◆ **YOUR TASK**:
Look through the listing below for the line with "Автомагнітола штатна RedPower 61025 IPS Hyundai Creta Фото" and the line with "Tracé, Clément Vergeat - Décoration". Copy both, along with every line between them, exactly and with no pictures.

◆ **MATERIALS PROVIDED**:
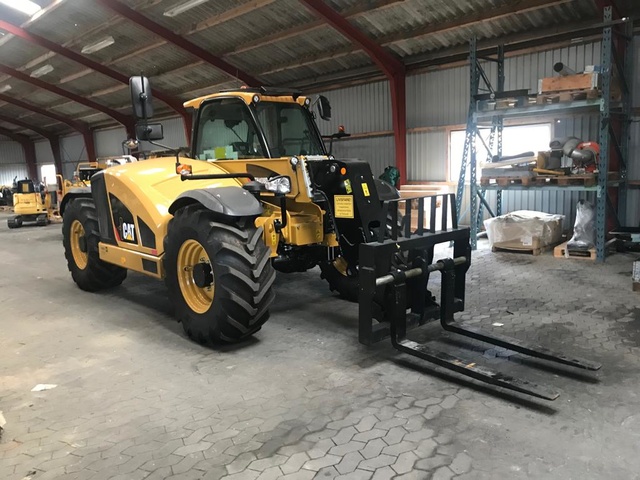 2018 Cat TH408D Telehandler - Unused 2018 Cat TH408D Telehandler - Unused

...

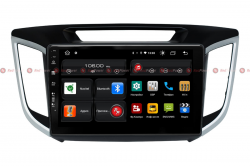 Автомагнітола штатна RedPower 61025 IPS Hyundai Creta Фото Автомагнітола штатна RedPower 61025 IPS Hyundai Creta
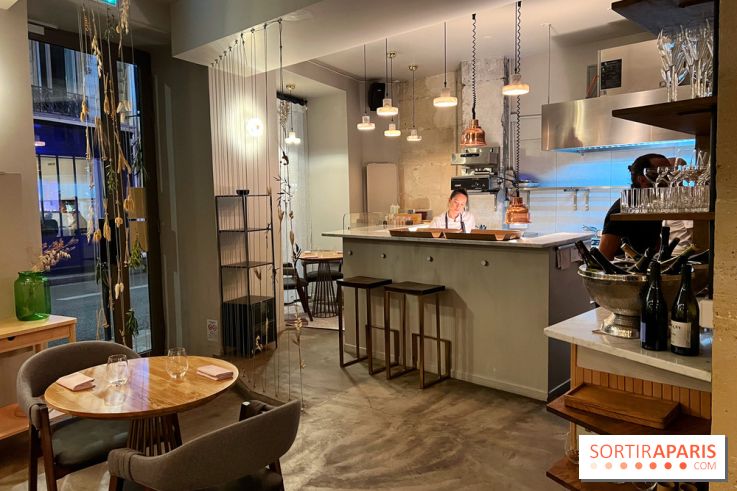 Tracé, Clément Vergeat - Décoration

* * *

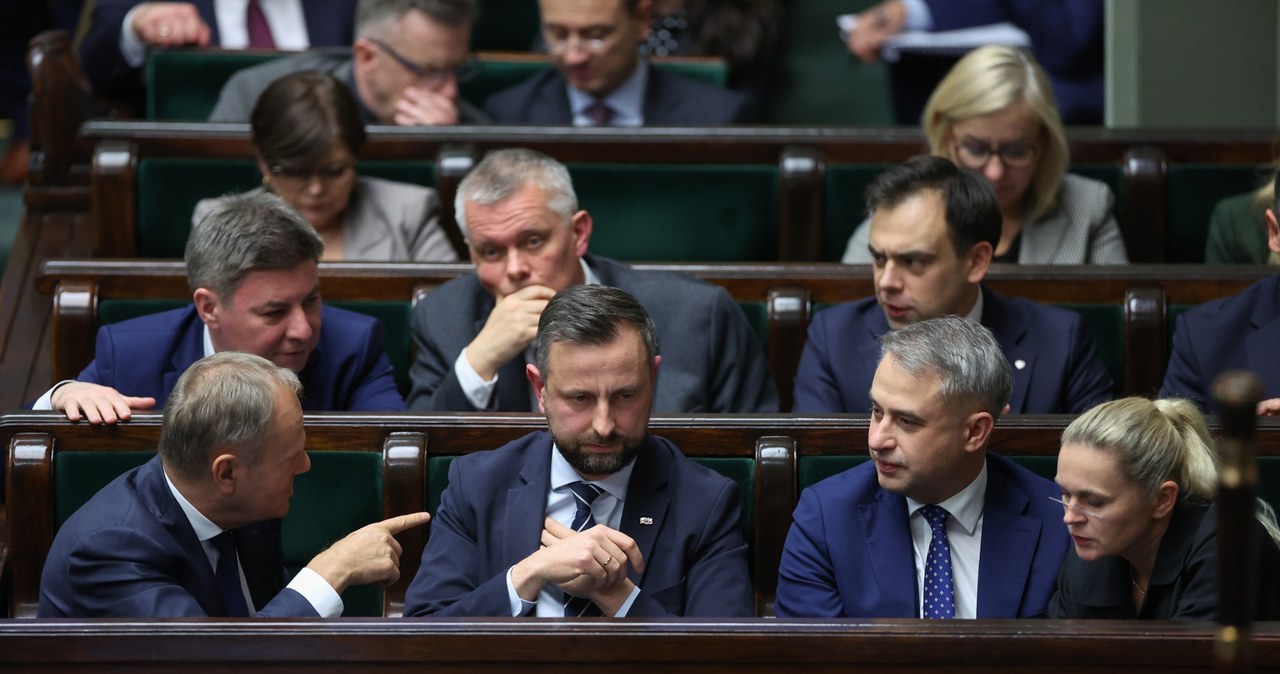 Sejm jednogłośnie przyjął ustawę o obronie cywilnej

◆ **SOLUTION TO THIS PROBLEM**:
 Автомагнітола штатна RedPower 61025 IPS Hyundai Creta Фото Автомагнітола штатна RedPower 61025 IPS Hyundai Creta
 Tracé, Clément Vergeat - Décoration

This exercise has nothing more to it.